The representative told me to look at their website where he claimed it would be very clear that I was signing up for a contract service. When I Googled “spot service plan”, the first link I clicked on directed me to these marketing materials:
If you look at the image above, it appears as if several deliberate decisions have been made to disguise the total cost of the month-to-month arrangement.
- The font of the month-to-month price is large, bold, and colorful. It’s designed to stand out
- The 12 month contractual stipulation, on the other hand, is written in unnecessarily small font
- The contractual stipulation is low contrast and visually underwhelming, particularly when juxtaposed against the big, bright, and bold “monthly cost” header
- The terms of the contract are visually separated from the price
None of this could be chalked up to accident, except perhaps point 3. Ultimately, this page’s content is designed to mislead the consumer, hurting them for the business’s gain.1
The software industry is rife with ethics scandals, and they are rarely cut and dry.
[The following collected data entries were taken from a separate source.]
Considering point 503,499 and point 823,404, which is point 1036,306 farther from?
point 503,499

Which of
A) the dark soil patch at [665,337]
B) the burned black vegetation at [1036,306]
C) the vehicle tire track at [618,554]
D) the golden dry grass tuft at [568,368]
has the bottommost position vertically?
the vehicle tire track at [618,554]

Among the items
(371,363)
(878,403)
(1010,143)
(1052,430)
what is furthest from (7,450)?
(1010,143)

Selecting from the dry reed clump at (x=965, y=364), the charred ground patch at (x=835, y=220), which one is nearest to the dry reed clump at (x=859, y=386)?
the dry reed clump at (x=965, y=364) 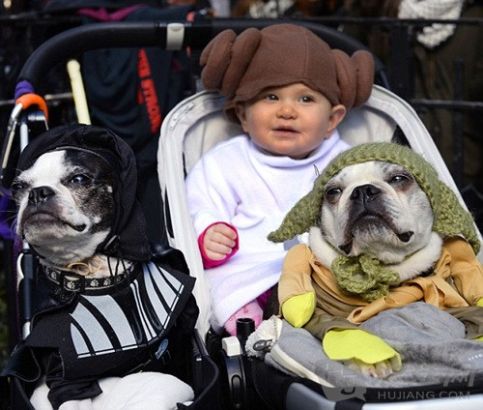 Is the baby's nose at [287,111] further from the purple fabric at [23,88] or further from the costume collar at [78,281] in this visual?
the costume collar at [78,281]

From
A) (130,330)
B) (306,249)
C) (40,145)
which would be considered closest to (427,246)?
(306,249)

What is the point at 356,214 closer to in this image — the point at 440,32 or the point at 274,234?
the point at 274,234

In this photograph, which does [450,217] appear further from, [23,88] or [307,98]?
[23,88]

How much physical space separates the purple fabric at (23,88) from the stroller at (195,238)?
0.49 m

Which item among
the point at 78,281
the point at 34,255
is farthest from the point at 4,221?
the point at 78,281

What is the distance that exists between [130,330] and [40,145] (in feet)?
2.01

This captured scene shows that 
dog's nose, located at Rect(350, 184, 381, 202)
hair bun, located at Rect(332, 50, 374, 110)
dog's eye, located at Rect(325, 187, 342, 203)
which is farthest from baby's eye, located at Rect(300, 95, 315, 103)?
dog's nose, located at Rect(350, 184, 381, 202)

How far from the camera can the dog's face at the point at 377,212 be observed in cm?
279

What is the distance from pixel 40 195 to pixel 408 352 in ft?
3.47

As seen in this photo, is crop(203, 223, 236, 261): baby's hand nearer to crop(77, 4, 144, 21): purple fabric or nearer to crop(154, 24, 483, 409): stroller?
crop(154, 24, 483, 409): stroller

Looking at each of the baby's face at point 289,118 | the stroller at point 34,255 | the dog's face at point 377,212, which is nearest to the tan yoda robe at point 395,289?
the dog's face at point 377,212

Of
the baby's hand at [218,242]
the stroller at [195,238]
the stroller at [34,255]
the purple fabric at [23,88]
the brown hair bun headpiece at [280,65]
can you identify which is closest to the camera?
the stroller at [195,238]

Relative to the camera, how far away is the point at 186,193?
3568 mm

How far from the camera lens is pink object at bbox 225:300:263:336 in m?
3.18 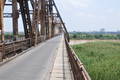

Some examples
- Dozens of iPhone applications selling user location data
- United States surveillance software (PRISMA)
- DOD’s Project Maven (drone imaging AI)
Two arguments exist in each of these scenarios. iPhone application engineers might argue that they aren’t hurting consumers by selling their location information. Governments argue that they protect their citizens through surveillance software, even if that’s at the cost of citizen privacy. An engineer of that very software might believe that the code itself is not unethical, only improper use of it. A utilitarian might argue that software that facilitates accurate drone strikes is ethical if the cost of the deaths of its targets is outweighed by its net good. Ultimately, it’s often unclear what constitutes unethical. But it raises a good question: as software engineers, what ethical code should we live by?
It’s easy to get consumed in the minutia. The media tends to focus on ethics scandals that have immense gravity, either in the scope of the number of people they affect or in the magnitude with which they affect their targets. But the majority of software engineers aren’t writing software that necessitates answering the above questions. Most of us are writing simple e-commerce applications or iPhone apps – boring software.
The case study with SPOT is interesting precisely because of how boring it is. It’s true to life, and it serves as a reminder that the average engineer also faces ethical dilemmas. And fortunately for us, these “ethical dilemmas” are sometimes pretty cut and dry, provided we have the awareness to recognize them and the courage to speak up. In the case with SPOT, I think most people would agree that making an effort to mislead the consumer is dishonest and thus unethical.
Just because you work on boring software does not mean that it can’t negatively impact your users in an unethical way. The first step towards protecting users is increased developer awareness. As a developer, it’s essential to ask how your software affects your users. If it might hurt them, step back and consider the the greater picture. If you think your code might manipulate or mislead your users, it’s time to speak up.
1: I think it’s important to be fair here. The marketing material across the site is inconsistent and ranges in the clarity of its term of service. This page makes the 12 month contract abundantly clear. This one falls somewhere in the middle.